'''

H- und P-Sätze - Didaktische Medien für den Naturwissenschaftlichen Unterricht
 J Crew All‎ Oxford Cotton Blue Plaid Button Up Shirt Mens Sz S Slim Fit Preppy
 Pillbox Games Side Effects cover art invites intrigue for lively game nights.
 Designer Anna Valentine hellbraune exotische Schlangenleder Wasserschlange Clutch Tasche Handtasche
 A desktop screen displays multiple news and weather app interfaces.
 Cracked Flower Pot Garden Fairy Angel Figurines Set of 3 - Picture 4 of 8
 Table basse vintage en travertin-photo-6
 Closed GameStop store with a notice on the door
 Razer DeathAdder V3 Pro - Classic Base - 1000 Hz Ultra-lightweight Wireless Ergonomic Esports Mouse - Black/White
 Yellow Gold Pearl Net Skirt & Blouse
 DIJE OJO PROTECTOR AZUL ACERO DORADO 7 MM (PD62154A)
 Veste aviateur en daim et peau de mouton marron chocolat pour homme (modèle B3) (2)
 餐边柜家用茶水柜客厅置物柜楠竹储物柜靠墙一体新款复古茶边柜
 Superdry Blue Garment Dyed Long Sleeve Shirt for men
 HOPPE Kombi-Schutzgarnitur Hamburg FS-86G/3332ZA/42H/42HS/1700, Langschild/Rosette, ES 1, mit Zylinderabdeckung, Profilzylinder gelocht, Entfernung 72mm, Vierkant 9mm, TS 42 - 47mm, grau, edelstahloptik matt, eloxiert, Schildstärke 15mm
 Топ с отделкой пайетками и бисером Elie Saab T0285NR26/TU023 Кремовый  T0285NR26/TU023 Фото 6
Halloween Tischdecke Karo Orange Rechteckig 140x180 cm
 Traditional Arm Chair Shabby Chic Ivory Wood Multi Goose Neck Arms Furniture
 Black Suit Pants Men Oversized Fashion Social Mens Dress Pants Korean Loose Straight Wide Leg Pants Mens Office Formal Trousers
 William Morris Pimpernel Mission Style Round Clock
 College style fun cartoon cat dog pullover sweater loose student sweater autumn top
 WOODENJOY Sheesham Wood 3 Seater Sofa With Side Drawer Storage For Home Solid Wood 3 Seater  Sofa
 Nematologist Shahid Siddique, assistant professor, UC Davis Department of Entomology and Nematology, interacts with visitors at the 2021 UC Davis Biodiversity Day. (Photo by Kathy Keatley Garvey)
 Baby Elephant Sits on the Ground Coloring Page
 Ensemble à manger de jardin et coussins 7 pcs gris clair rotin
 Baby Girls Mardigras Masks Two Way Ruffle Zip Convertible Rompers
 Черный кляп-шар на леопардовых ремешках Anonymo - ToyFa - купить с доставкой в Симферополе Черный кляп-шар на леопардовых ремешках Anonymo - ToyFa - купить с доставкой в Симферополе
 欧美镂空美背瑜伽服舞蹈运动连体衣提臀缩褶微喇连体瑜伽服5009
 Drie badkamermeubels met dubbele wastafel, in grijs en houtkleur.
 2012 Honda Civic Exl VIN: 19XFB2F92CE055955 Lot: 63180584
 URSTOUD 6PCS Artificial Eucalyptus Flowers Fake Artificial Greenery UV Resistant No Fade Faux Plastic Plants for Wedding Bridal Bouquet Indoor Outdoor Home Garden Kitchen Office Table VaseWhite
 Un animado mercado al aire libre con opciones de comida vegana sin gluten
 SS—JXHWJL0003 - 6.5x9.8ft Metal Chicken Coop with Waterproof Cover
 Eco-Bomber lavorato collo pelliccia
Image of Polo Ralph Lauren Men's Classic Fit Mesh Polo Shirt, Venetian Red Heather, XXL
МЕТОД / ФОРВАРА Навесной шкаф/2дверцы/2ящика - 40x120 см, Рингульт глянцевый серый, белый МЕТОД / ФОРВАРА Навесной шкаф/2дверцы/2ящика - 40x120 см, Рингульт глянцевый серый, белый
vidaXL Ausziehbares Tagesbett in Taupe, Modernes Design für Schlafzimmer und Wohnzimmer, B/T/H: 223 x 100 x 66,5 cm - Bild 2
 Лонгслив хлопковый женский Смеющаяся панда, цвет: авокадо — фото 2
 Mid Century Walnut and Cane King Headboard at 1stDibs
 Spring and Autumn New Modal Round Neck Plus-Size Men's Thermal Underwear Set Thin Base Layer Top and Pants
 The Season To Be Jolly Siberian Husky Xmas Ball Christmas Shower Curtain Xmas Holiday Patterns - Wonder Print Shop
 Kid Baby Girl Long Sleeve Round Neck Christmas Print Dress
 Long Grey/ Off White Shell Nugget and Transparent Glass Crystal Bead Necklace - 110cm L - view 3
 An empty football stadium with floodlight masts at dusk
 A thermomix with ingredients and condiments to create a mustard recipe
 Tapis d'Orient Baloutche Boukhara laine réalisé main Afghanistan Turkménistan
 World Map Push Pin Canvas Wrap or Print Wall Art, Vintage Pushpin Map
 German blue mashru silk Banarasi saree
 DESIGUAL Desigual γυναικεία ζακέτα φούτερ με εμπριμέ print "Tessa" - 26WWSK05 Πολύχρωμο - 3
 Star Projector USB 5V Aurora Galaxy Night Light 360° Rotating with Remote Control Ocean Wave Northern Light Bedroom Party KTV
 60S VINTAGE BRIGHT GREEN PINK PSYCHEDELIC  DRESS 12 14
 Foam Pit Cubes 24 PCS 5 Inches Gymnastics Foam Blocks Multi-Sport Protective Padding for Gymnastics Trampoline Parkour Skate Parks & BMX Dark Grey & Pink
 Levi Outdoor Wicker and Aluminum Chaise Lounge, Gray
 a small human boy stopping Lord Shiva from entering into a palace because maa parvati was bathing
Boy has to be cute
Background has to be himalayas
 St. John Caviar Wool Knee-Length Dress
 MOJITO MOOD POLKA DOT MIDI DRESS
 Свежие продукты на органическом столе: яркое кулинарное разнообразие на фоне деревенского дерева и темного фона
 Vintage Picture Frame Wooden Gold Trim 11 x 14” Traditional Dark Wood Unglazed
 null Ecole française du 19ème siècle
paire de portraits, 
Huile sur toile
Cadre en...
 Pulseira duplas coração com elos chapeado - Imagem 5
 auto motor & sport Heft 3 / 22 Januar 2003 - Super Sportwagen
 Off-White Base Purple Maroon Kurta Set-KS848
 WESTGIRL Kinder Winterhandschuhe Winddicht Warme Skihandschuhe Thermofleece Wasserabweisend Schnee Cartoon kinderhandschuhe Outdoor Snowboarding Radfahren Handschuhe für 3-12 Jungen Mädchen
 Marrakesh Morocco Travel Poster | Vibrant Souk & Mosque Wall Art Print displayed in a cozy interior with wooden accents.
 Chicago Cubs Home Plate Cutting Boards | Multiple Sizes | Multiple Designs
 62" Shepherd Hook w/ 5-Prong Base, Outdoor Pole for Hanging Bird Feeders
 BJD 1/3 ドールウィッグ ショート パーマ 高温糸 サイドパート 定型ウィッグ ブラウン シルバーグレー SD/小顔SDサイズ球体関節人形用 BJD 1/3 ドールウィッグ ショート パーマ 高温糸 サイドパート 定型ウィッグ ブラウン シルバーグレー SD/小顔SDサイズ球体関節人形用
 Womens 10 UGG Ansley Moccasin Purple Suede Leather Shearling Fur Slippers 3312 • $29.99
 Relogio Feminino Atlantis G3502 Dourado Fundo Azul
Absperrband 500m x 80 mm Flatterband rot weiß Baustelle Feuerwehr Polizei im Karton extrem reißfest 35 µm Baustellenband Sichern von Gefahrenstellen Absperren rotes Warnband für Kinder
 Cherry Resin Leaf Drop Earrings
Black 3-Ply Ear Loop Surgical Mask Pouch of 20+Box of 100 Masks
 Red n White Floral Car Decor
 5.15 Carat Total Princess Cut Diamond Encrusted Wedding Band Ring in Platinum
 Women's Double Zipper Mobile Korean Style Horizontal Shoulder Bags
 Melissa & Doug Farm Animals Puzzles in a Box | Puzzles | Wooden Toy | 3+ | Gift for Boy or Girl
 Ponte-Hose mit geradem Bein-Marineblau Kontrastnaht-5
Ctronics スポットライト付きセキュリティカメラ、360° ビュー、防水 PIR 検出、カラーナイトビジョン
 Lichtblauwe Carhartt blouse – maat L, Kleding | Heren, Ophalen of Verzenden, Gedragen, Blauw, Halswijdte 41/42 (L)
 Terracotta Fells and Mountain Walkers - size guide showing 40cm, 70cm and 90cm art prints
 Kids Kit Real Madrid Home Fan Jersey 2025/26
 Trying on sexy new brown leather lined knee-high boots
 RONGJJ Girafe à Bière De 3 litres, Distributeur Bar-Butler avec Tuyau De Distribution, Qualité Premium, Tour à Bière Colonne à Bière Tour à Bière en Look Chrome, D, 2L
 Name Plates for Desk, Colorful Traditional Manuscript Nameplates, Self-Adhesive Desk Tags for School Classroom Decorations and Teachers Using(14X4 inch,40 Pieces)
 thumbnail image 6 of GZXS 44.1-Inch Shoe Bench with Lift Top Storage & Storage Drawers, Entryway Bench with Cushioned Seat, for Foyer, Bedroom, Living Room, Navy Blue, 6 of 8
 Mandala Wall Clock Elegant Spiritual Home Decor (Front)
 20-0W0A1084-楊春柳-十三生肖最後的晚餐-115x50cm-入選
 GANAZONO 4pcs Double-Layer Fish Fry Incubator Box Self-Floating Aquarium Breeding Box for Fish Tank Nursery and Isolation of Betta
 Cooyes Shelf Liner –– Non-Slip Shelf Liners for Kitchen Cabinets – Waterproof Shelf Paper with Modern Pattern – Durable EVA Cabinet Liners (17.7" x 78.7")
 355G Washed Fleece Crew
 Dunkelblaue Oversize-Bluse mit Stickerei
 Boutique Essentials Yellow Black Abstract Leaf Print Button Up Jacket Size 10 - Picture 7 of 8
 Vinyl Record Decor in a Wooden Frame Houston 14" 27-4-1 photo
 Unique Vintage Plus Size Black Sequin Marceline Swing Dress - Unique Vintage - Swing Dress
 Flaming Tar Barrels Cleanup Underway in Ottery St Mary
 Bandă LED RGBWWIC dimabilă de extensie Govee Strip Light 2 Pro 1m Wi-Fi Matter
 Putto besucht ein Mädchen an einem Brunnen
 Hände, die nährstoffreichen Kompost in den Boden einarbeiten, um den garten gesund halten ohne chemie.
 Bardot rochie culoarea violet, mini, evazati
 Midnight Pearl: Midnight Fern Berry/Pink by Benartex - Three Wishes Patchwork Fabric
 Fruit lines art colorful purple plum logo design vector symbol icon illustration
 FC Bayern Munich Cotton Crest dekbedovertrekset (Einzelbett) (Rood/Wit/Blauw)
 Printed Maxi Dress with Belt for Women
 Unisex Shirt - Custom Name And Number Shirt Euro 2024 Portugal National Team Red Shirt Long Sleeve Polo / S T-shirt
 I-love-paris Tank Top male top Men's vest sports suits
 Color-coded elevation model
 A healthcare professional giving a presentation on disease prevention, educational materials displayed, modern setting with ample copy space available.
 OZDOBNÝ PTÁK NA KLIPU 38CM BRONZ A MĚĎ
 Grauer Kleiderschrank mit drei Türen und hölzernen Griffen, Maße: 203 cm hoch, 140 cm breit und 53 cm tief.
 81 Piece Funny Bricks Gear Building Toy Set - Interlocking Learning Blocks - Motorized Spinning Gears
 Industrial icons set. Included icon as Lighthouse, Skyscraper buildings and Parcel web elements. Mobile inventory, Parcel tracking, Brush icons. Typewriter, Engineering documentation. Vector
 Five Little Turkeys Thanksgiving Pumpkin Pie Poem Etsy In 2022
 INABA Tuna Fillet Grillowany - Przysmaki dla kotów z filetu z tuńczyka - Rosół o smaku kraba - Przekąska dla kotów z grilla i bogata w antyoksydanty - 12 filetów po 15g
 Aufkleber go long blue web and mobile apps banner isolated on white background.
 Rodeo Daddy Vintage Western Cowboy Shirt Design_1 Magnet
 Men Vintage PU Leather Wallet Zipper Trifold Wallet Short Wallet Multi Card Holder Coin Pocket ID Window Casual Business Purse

'''

◆ Try it:
With the line holding "Boutique Essentials Yellow" as the first and the line holding "Midnight Pearl: Midnight" as the last, please transcribe exactly the lines of the material above in that range and nothing else.

◆ Output of the task:
 Boutique Essentials Yellow Black Abstract Leaf Print Button Up Jacket Size 10 - Picture 7 of 8
 Vinyl Record Decor in a Wooden Frame Houston 14" 27-4-1 photo
 Unique Vintage Plus Size Black Sequin Marceline Swing Dress - Unique Vintage - Swing Dress
 Flaming Tar Barrels Cleanup Underway in Ottery St Mary
 Bandă LED RGBWWIC dimabilă de extensie Govee Strip Light 2 Pro 1m Wi-Fi Matter
 Putto besucht ein Mädchen an einem Brunnen
 Hände, die nährstoffreichen Kompost in den Boden einarbeiten, um den garten gesund halten ohne chemie.
 Bardot rochie culoarea violet, mini, evazati
 Midnight Pearl: Midnight Fern Berry/Pink by Benartex - Three Wishes Patchwork Fabric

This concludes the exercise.